また、線状凸部32の比表面積が大きい場合、凹凸構造層30の凹凸面31の親水性がより顕著となる。例えば線状凸部32が同じ高さの場合には、比表面積を大きくする観点から、垂直断面形状は三角形よりも四角形の方が好ましい。例えば、基端部32bから先端部32aに向けて線幅が細くなっていく階段状断面を有する場合には、比表面積の点から親水性が向上すると共に、反射防止性等の光学機能も向上する点において好ましい。
上述したように、凹凸構造層30は、線状凸部32によって形成された凹凸面31を有している。この凹凸構造層30は、言い換えると、シート状の本体部38と、本体部38のベース面38aに設けられた線状凸部32と、を有する、と表現され得る。図4および図10に示された例において、本体部38は、互いに平行な一対の主面を有し、一方の主面がベース面38aを形成している。ベース面38aは、凹凸構造層30のシート面に平行であり、したがって凹凸構造層30の法線方向に直交している。しかしながら、この例に限られず、ベース面38aは、凹凸構造層30のシート面に対して傾斜していてもよいし、曲線状であってもよい。
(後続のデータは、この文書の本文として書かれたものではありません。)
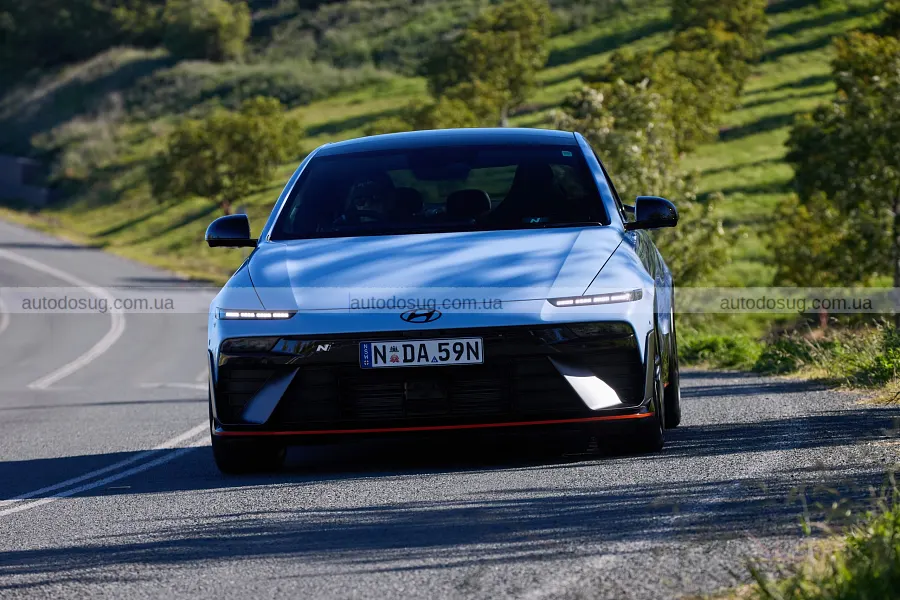 Hyundai Ioniq 6 N показав, що вміє на треку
ところで、隣り合う2つの線状凸部の配列間隔(配列ピッチ)pおよび線状凸部32の高さhは以下の方法により測定される。まず、原子間力顕微鏡(Atomic Force Microscope: AFM)または走査型電子顕微鏡(Scanning Electron Microscope: SEM)を用いて線状凸部32の長手方向dに対する垂直断面形状、すなわち主切断面における線状凸部32の断面形状を検出する。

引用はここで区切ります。